▶ [Task directions] Find the line containing "4 双防滑婴儿袜，婴儿船袜，适合男婴和女婴 - 彩色 - 查看 6" in the entries below. Restate it and each line after it, word for word, up to and including the line containing "Light Oak 2 Over 3 Drawer Chest of Drawers".

Dataset excerpts
▬▬▬▬▬▬

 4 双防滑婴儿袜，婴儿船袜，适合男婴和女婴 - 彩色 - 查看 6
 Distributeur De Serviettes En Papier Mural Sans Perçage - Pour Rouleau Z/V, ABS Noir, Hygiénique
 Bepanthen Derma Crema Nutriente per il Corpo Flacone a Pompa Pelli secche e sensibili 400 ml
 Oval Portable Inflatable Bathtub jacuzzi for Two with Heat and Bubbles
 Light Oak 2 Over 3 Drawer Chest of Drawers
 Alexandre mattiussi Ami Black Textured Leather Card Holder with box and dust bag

▬▬▬▬▬▬

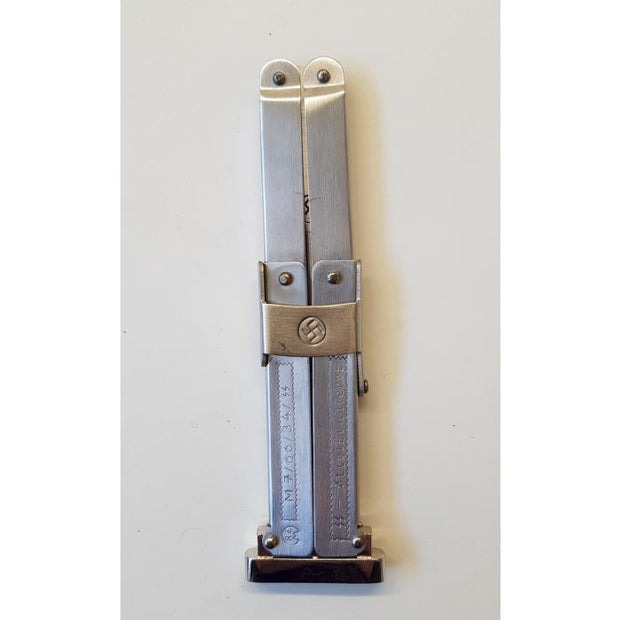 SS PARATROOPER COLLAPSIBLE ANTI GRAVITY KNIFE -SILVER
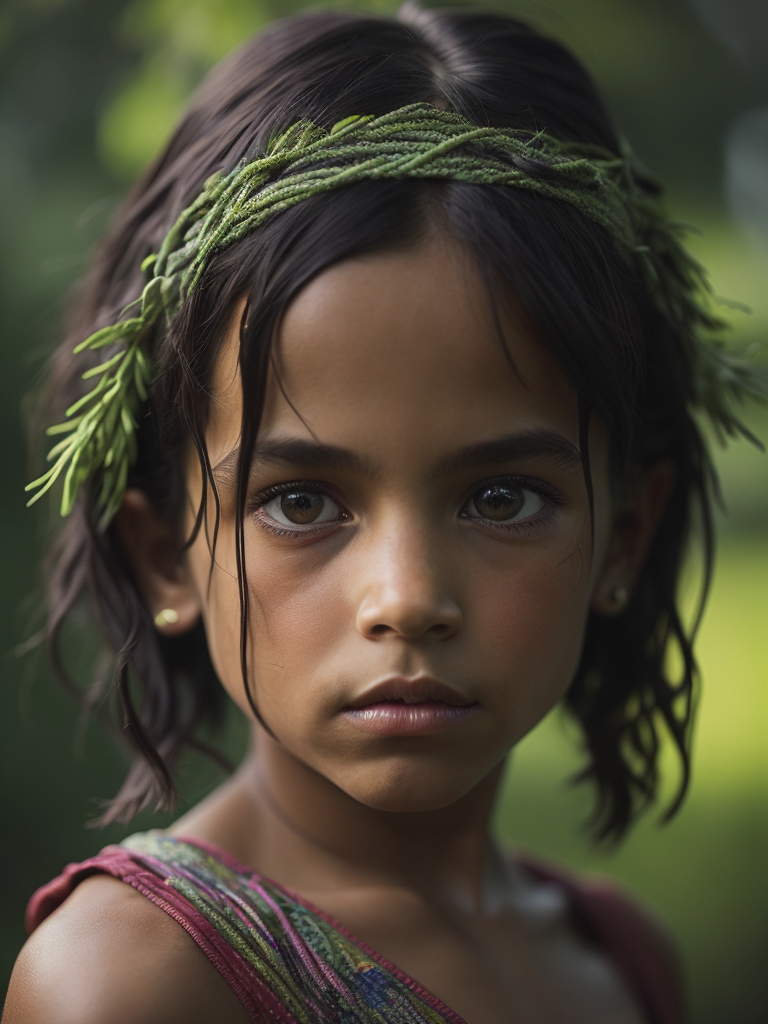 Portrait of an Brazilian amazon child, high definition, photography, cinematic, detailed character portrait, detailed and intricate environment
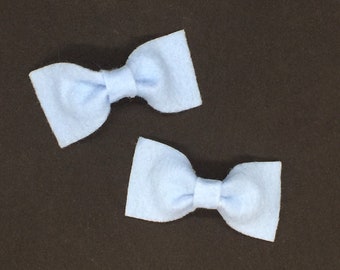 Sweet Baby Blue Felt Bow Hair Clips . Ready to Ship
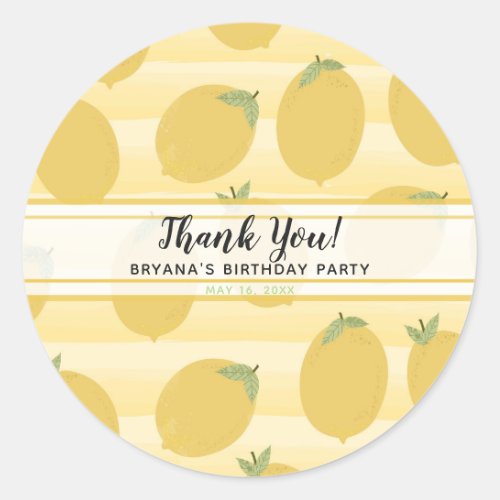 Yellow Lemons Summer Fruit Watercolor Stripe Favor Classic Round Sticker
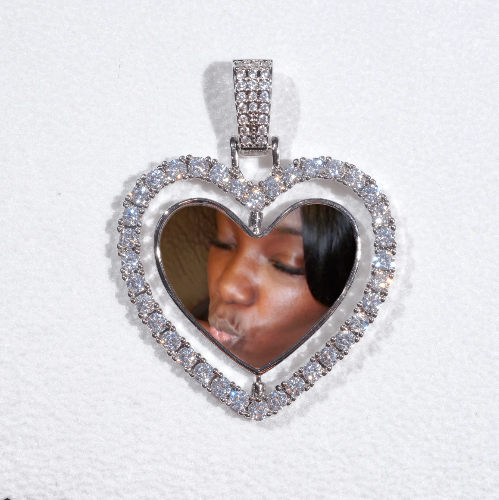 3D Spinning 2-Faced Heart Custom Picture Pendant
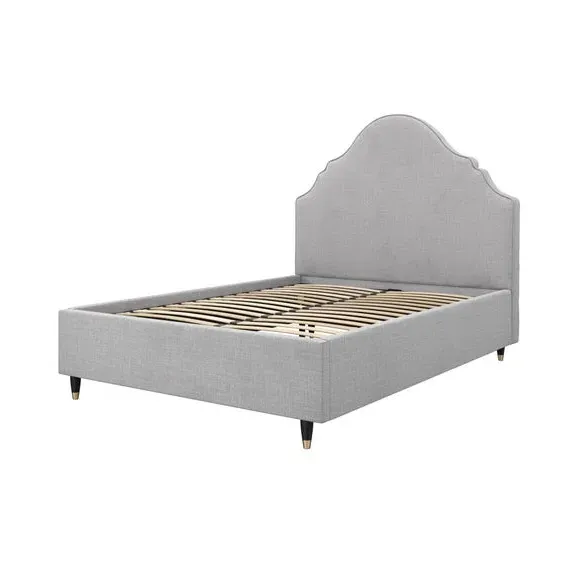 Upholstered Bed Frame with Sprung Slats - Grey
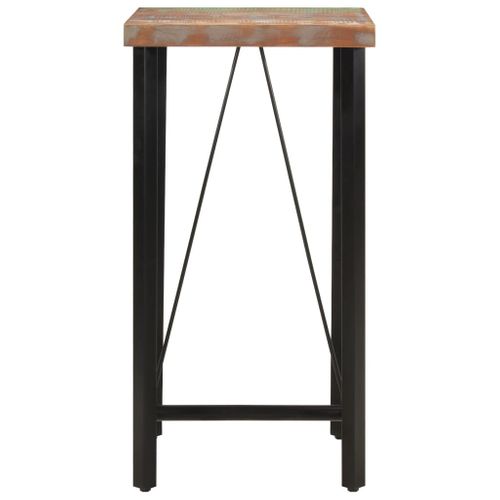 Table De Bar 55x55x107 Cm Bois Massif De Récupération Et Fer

▬▬▬▬▬▬

▶ [Expected output]
 4 双防滑婴儿袜，婴儿船袜，适合男婴和女婴 - 彩色 - 查看 6
 Distributeur De Serviettes En Papier Mural Sans Perçage - Pour Rouleau Z/V, ABS Noir, Hygiénique
 Bepanthen Derma Crema Nutriente per il Corpo Flacone a Pompa Pelli secche e sensibili 400 ml
 Oval Portable Inflatable Bathtub jacuzzi for Two with Heat and Bubbles
 Light Oak 2 Over 3 Drawer Chest of Drawers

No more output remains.